I’ve loved discussing this question with students because it (and the extensions we talk about) really get at some simple, imo beautiful intuitions. Now that I’m writing this, I probably won’t use these questions again, so this is a forcing function for me to come up with new questions!

Breaking down the problem

$\mathbf{u}$ and $\mathbf{v}$ being orthonormal means that they are both unit norm:

\[\|\mathbf{u}\|_2 = \|\mathbf{v}\|_2 = 1,\]
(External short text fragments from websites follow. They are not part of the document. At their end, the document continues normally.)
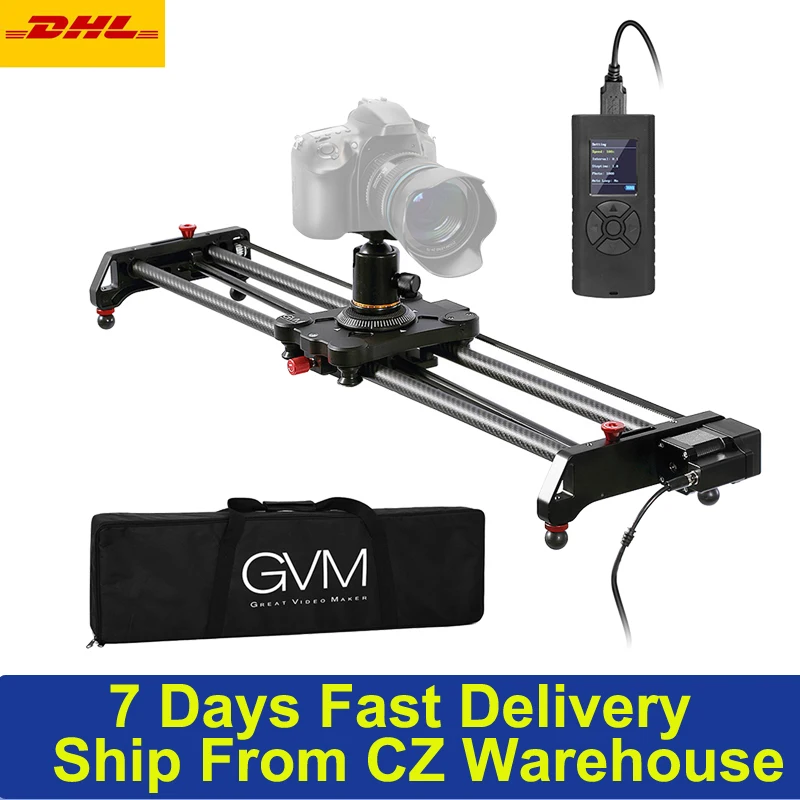 

80cm Studio Camera Slider Track Dolly Video Stabilizer Rail Carbon Fiber 120 Degree Panoramic Shooting Auto-cycle Time-lapse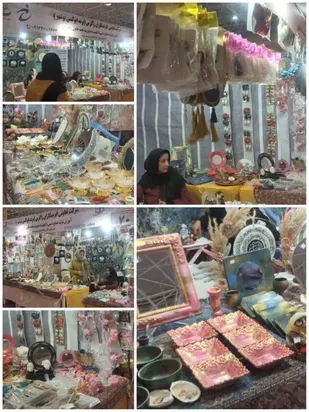 بانوان فعال کانون بسیج هنرمندان شهرستان بوشهر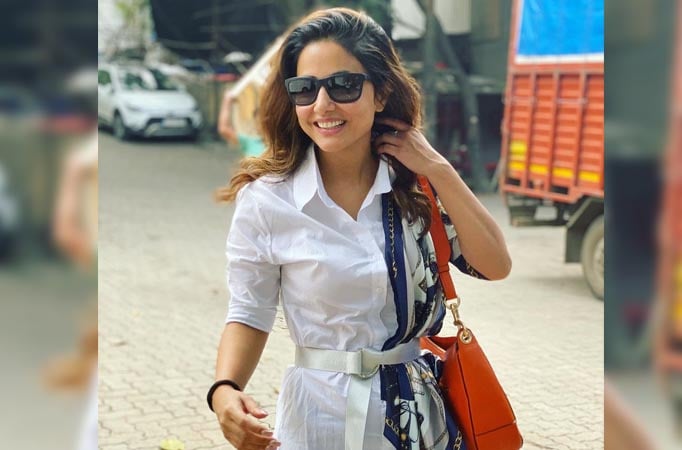 Hina Khan proves her dedication to her work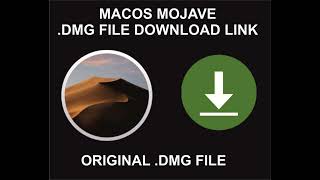 MacOS Mojave Full Original DMG File Download Link Service [upl. by Aihselef]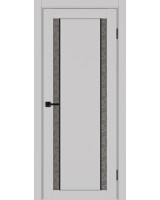 Турин_522АПС.212 молдинг алюм.чёрн. ЭКО-шпон Пепельный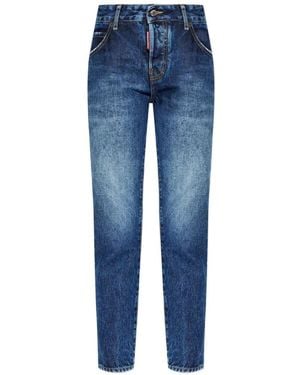 DSquared² Teddy Distressed Faded Jeans - Blue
and their dot product is zero:

\[\mathbf{u}^\top\mathbf{v} = 0\]

Students sometimes would get stuck in thinking perhaps too concretely; instantiating a $\mathbf{u}$ and a $\mathbf{v}$ such that the properties hold, like imagining that $\mathbf{u}=[1,0]$, $\mathbf{v}=[0,1]$ and $W = \begin{bmatrix}0 & 1 \\ 1 & 0\end{bmatrix}$. But we don’t get to assume what vectors we’re working with; all we have are the properties given.

The cute little mathematical bit here — and one I often hoped students would find when I told them that I’d be asking them this question in the interview — is the outer product, whose notation is delightfully transparent.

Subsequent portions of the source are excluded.